Plain Dealer (Cleveland), Final Edition; West Edition
SECTION: NATIONAL; Pg. A1
BYLINE: Joel Rutchick, Plain Dealer Reporter
Bratenahl, OH
Property room can’t account for years’ worth of seized drugs, weapons, money
Police chief responds
Bratenahl Police Chief Paul Falzone said most discrepancies in the property room are the result of poor record keeping. Falzone said he has “retooled” the property room to prevent future problems.
“We found out we had a problem,” Falzone said. “We fixed it.”
At least eight guns, thousands of dollars and large quantities of cocaine and heroin confiscated from suspects over the last decade are missing from the Bratenahl police property room, a Plain Dealer investigation has found.
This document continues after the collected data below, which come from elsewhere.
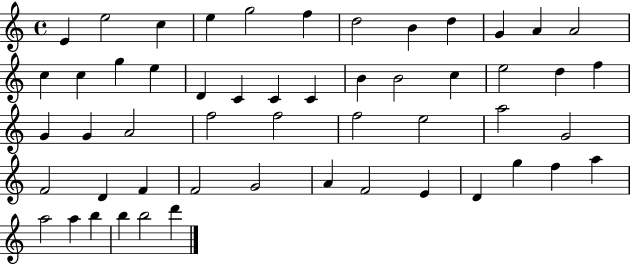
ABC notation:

X:1
T:Untitled
M:4/4
L:1/4
K:C
E e2 c e g2 f d2 B d G A A2 c c g e D C C C B B2 c e2 d f G G A2 f2 f2 f2 e2 a2 G2 F2 D F F2 G2 A F2 E D g f a a2 a b b b2 d' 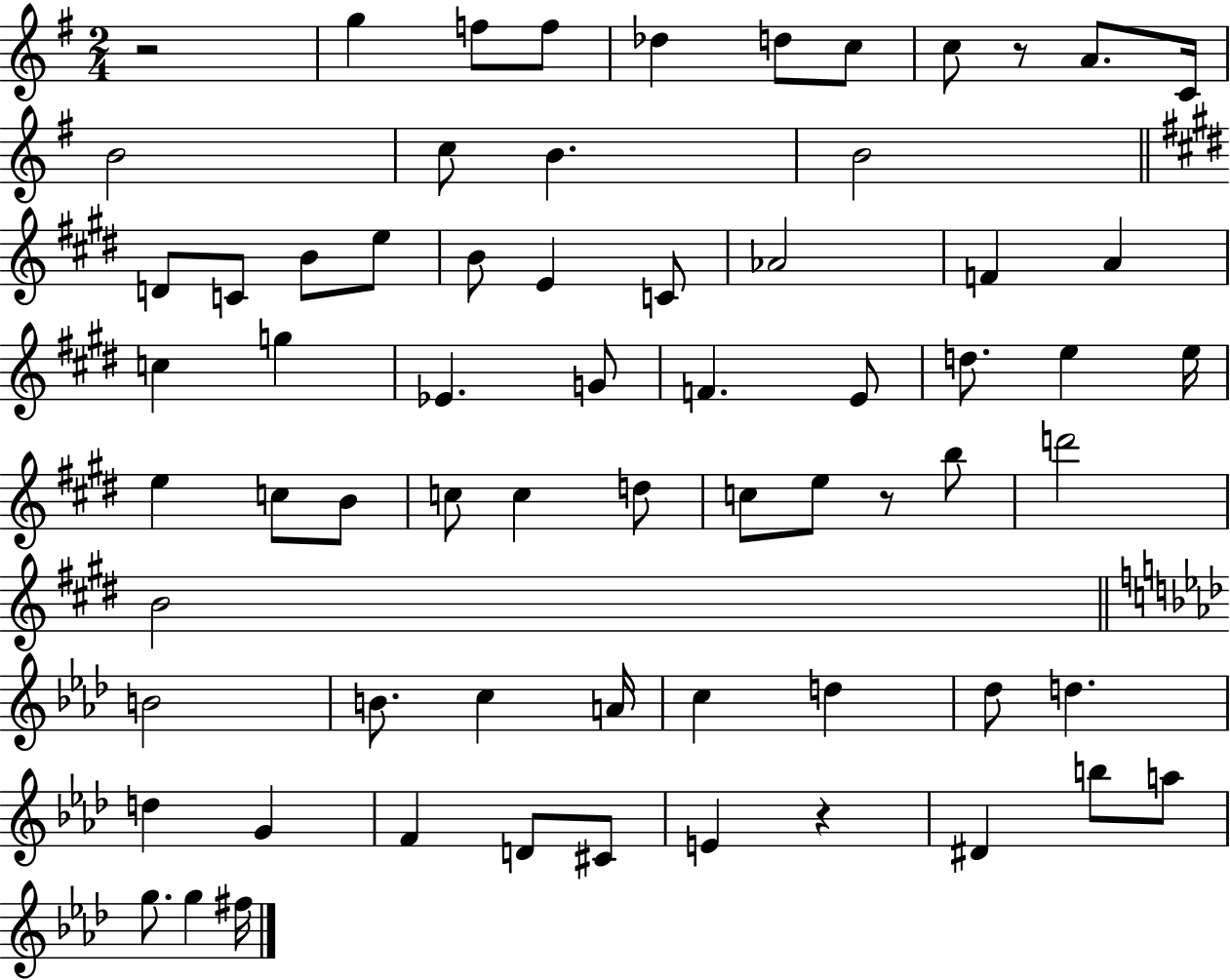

The drugs and guns do not appear on property-room inventories. And there is no record the village disposed of the contraband, which would explain its disappearance.
In addition, there is no evidence that thousands of dollars in cash that police seized in drug-related crimes went into the village treasury, as required.
It is impossible to say definitively if anything else is missing because the evidence room log covering nearly five years also has disappeared. That log itemized contraband seized between 1999 and 2004.
The Plain Dealer identified some of what is missing through other records.
The Ohio Bureau of Criminal Identification and Investigation is probing the operation of the evidence room.
A federal expert in gun tracing called the Police Department’s apparent loss of confiscated weapons “a breach of public trust.”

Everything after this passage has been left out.